The Value of Automation for the Digital Enterprise

value of automation

Today’s era of automation is light-years ahead of the past. On par with subsequent Industrial Revolutions, each era of automation has focused on a specific type: the First on mechanization, the Second on mass production, the Third on computers and communications, and now the Fourth on smart machines and humans together. Today’s era is homing in on formerly human-driven processes across business, including HR, finance, sales, IT, and marketing. However, this latest era goes beyond eliminating repetitive tasks—it looks to empower digital transformation and, eventually, realize new revenue streams.

Despite its use, all automations require processing, data movement, analytics and, more often than not, AI- or ML-driven bots that will carry out these integral tasks and processes for you. In short, automation is driven by a plethora of technologies aiming to integrate people, processes, data and technology at scale. Here are a few ways automation is driving digital change within enterprises in an unprecedented manner.

Customer Experience Automation

The role of a personal assistant or secretary today is aided by bots like Siri, Alexa and Google Home being connected to apps like Calendly, Xobni and Mail. Extending this capability to front-office functions like marketing, sales and support could enable enterprises to deliver better customer experiences that improve customer development, acquisition and retention. At the same time, it could also provide highly innovative and personalized experiences to customers—like how Bank of America’s Erica, a smart financial assistant, can complete fairly complex tasks like scheduling payments, tracking your credit score, and even offering tips on how to save money based on your spending habits. With today’s technologies and tools, bots like Erica could be used for any front office function, regardless of industry. 

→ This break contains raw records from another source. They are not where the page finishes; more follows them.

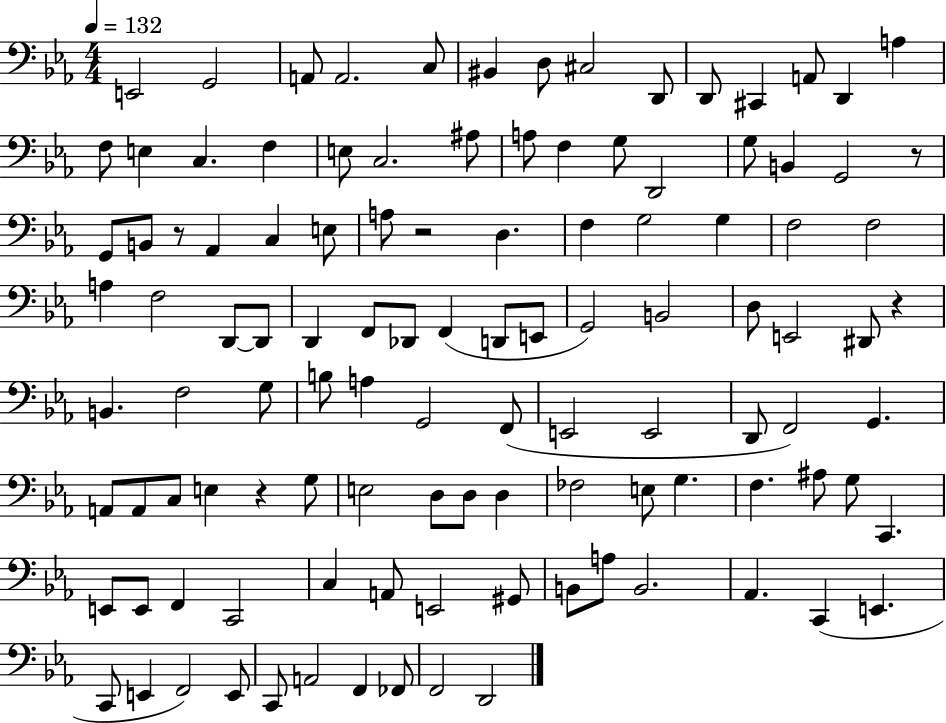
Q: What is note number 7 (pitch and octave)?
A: D3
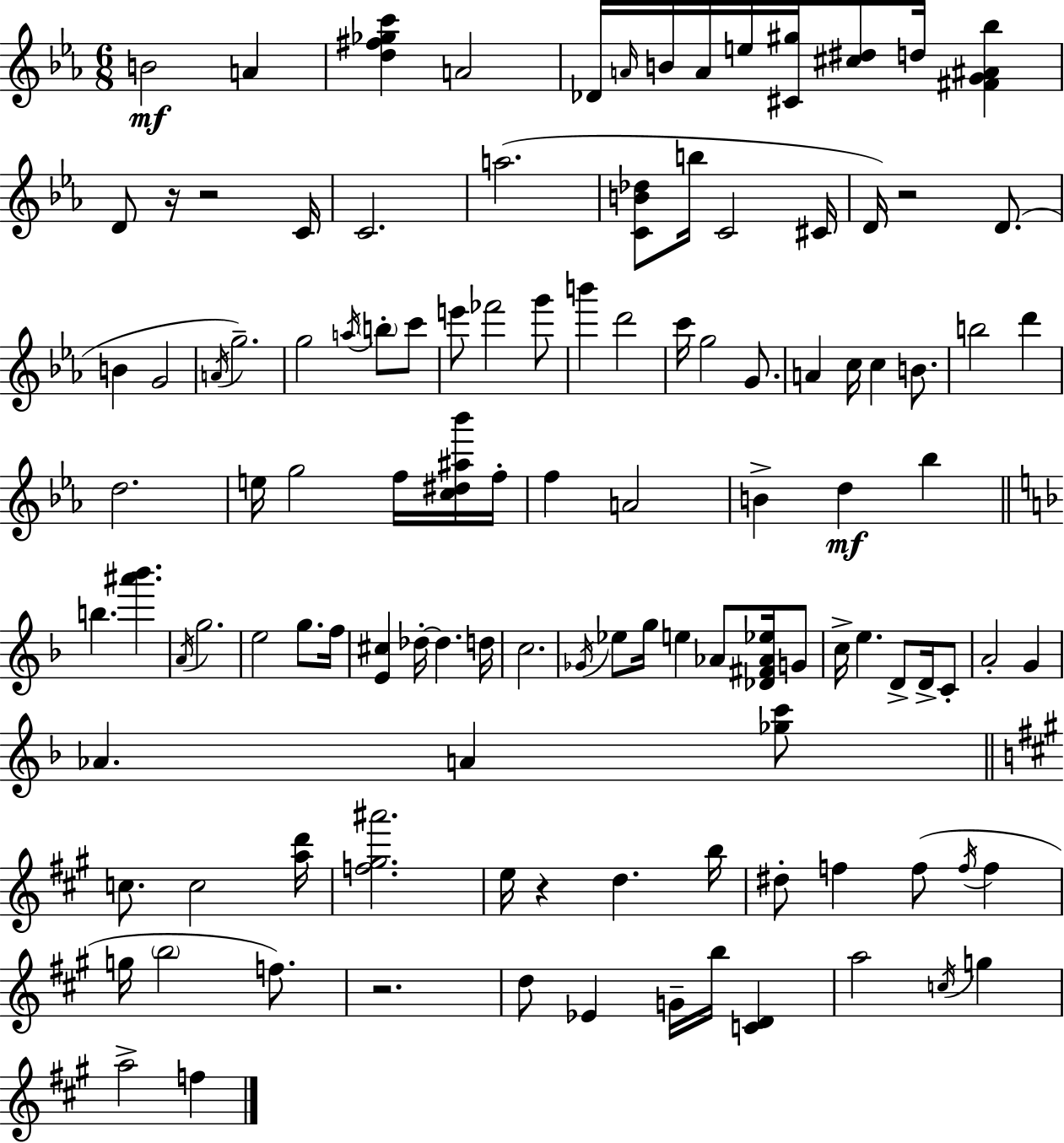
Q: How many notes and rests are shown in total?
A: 115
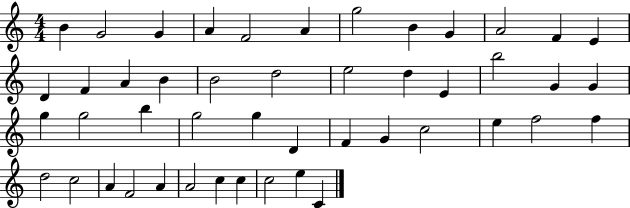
{
  \clef treble
  \numericTimeSignature
  \time 4/4
  \key c \major
  b'4 g'2 g'4 | a'4 f'2 a'4 | g''2 b'4 g'4 | a'2 f'4 e'4 | \break d'4 f'4 a'4 b'4 | b'2 d''2 | e''2 d''4 e'4 | b''2 g'4 g'4 | \break g''4 g''2 b''4 | g''2 g''4 d'4 | f'4 g'4 c''2 | e''4 f''2 f''4 | \break d''2 c''2 | a'4 f'2 a'4 | a'2 c''4 c''4 | c''2 e''4 c'4 | \break \bar "|."
}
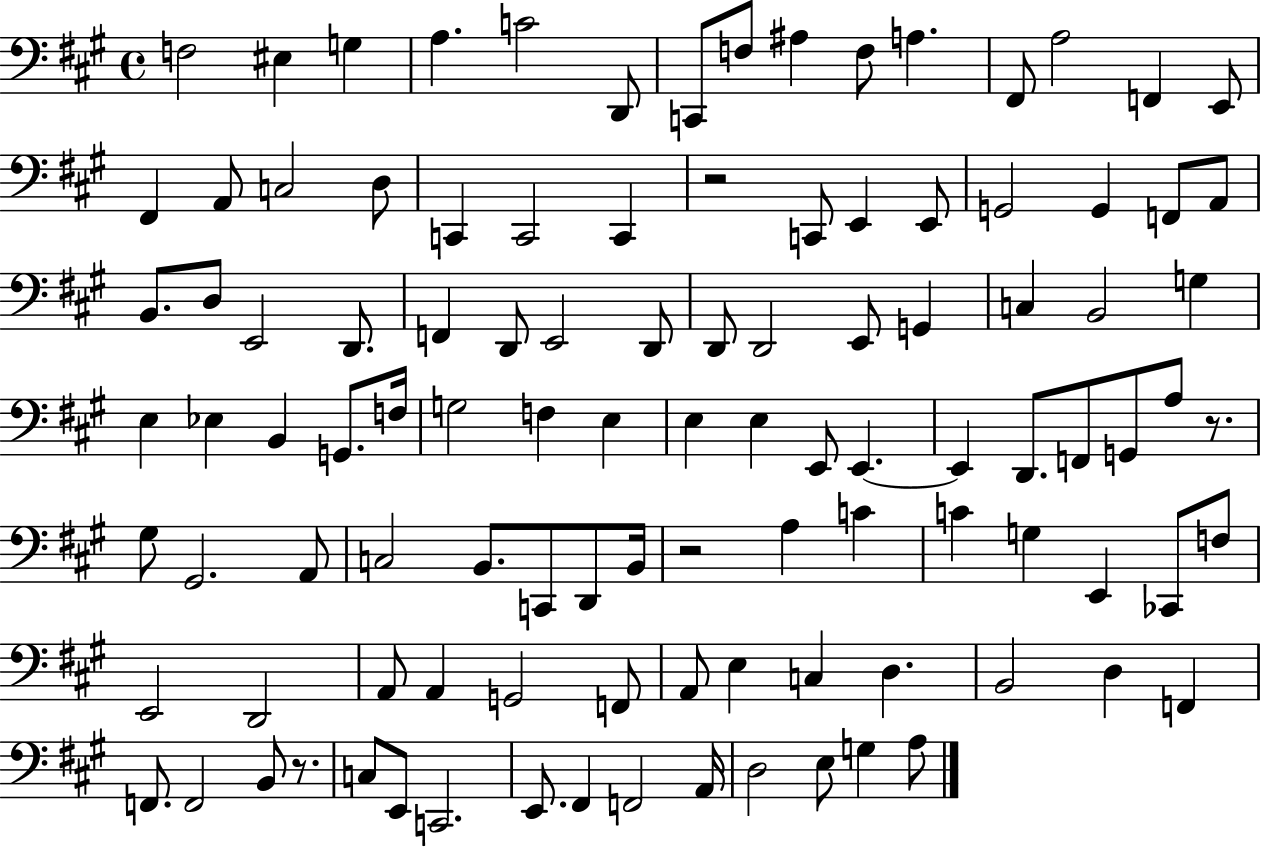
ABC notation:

Employee Experience Automation 

Automation is also improving internal experiences as well, like employee onboarding. Across industries, onboarding can be an extensive process—from recruitment and training, to provisioning with approvals and evaluations. In a world where competition is higher than ever, companies have realized the value of automation in creating seamless employee experiences from Day One. Take for example retail brand Zappos, which provides a flawless and totally integrated experience through intelligent automation that gets smarter with every employee it onboards.

Back Office Business Automation

With the advancement of digital native technologies like cloud, mobile, and iPaaS, back office processes like IT, accounting, HR and compliance can be integrated and automated effectively and efficiently. XPO Logistics, for example, uses automation for inventory tracking and order processing. By utilizing these workflows, it can largely avoid manual mistakes like inserting incorrect order numbers, which can cause bottomline revenue depletion by increasing inventory holding costs.

Front Office Business Automation

This type of automation focuses on enhancing CX but is driven by front office application automation. Consider a traditional bank: all the front office functions drive heavy investments and drive towards a low CI (cost-to-income) ratio. Challenger banks, then, can gain an advantage by driving their CI ratios lower than traditional banks by automating front office processes like check deposit. Automating such a task could eliminate hours of administrative work, in a market that’s increasingly mobile on both the consumer and business sides. 

Operational Task Automation

This type of automation focuses on minimizing repetitive tasks to drive operational savings and, in turn, enable higher-level human labor. For example, at Amazon, employees who previously lifted and stacked boxes in its warehouses are now robot operators, monitoring the automated arms and resolving issues such as the interruption of the flow of objects. Robotic process automation (RPA) streamlined these routine tasks, resulting in significant operational savings and enabling complementary human labor that ultimately benefited the business.

In order to operationalize all of these applications of automation, however, organizations need a new approach that makes the most of a wide variety of automation technologies—not just RPA or UI-driven automation. Instead of merely being a survival strategy, enterprise automation will be the new norm for any digital enterprise moving forward.